Le processus d’écriture de chansons

La chanson a commencé comme une expérience avec une théorie du I Ching alors que George rendait visite à ses parents. « ‘While My Guitar Gently Weeps’ n’était qu’une simple étude basée sur la théorie selon laquelle tout a un but à être là à un moment donné », a expliqué George. « Je pensais que tout ce que je vois quand j’ouvre un livre, je vais en écrire une chanson. Alors j’ai ouvert ce livre et j’ai vu ‘pleure doucement’. J’ai fermé le livre, puis j’ai commencé la mélodie.

Après avoir abandonné la délicate approche acoustique enregistrée en juillet 1968, George a enrôlé le reste de Les Beatles pour une version full band en août. Une fois que le groupe a créé un accompagnement décent, George a passé des heures à essayer de créer un solo de guitare à l’envers pour la chanson, avant d’abandonner également cette version.

George avait été ami avec Eric Clapton depuis que les Yardbirds ont soutenu les Beatles en 1964 et, apparemment sur un coup de tête, ont invité son ami à jouer lors de la prochaine tentative de clouer la chanson.

S’adressant à Guitar Player en 1987, George a rappelé la réticence initiale de Clapton : « Il a dit : ‘Oh, non. Je ne peux pas faire ça. Personne ne joue jamais sur les disques des Beatles.’ J’ai dit : ‘Ecoute, c’est ma chanson, et je veux que tu la joues.’ Alors Eric est entré, et les autres gars étaient aussi bons que l’or – parce qu’il était là. De plus, cela m’a laissé libre de jouer le rythme et de faire la voix. Alors Eric a joué ça, et j’ai pensé que c’était vraiment bien. Ensuite, nous l’avons réécouté, et il a dit : « Ah, il y a un problème, cependant ; ce n’est pas assez Beatley’ – alors nous l’avons mis à travers l’ADT, pour le faire vaciller un peu.  »

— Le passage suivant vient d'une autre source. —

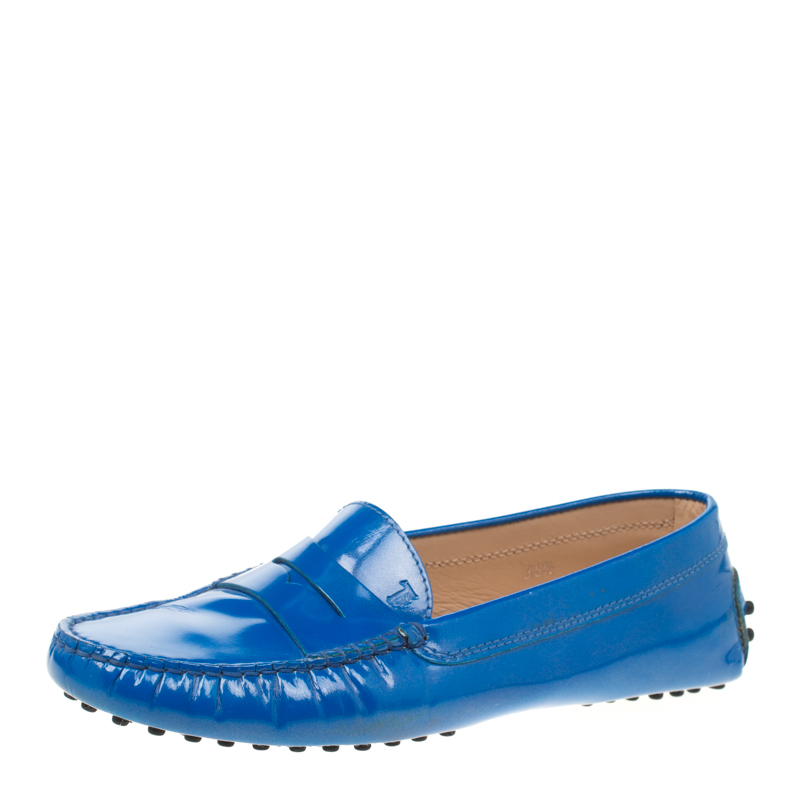 Tod's Blue Patent Leather Penny Loafers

Chris Thomas, qui à l’époque était Georges MartinL’assistant de ‘s, a rappelé comment cela a été réalisé: « On m’a confié le grand travail de remuer l’oscillateur sur les mixes ‘Gently Weeps’…

Un beau moment

Ces sessions d’enregistrement de début septembre 1968 pour « While My Guitar Gently Weeps » ont été importantes pour un certain nombre de raisons, notamment parce que c’était la première fois Ringo était retourné au studio depuis qu’il avait quitté le groupe, bien que temporairement, pendant le travail sur « Retour dans l’USSR » quelques semaines plus tôt. Pour son retour, George avait fait décorer la batterie Ludwig Hollywood de Ringo de fleurs, un geste qui comptait beaucoup pour le batteur. « C’était un beau moment », a-t-il écrit plus tard.

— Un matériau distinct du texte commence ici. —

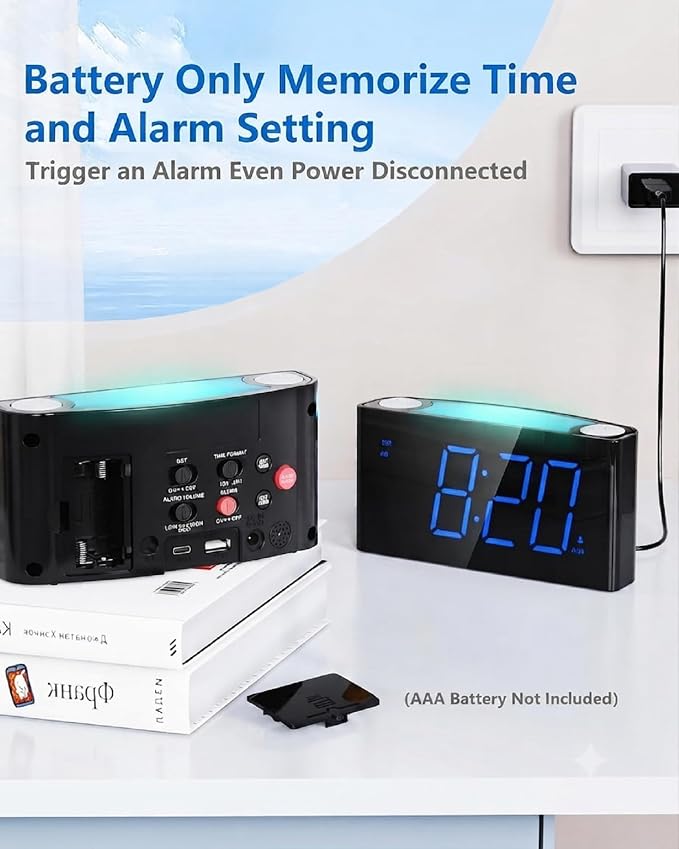Digital Alarm Clock for Bedroom, Large Screen with 7 Color Night Light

Au cours de l’été 1968, le groupe avait parfois quitté l’environnement familier des studios Abbey Road d’EMI à St John’s Wood pour se rendre à Trident à Soho, une installation qui offrait un enregistrement sur huit pistes. (Abbey Road était occupé à modifier sa propre paire de machines 3M à huit pistes.) De retour à Abbey Road, les 5 et 6 septembre, sous la direction de Chris Thomas remplaçant George Martin absent, le groupe a finalement réalisé la vision de Harrison pour la chanson. Paul contribue une partie de piano inspirée, qui s’ouvre sur une introduction distinctive avant le premier éclat de guitare de Clapton, mais continue à étayer magnifiquement l’ensemble de la pièce. La voix principale sans effort de George s’inspire de Fumée Robinson, habilement assisté de Paul, avant que la guitare solo virtuose de Clapton ne s’élève au-dessus d’un accompagnement rock puissant et lourd. La longue coda monte encore et encore alors qu’une frénésie sonore délivre un coup de poing, à des millions de kilomètres des débuts acoustiques de la chanson.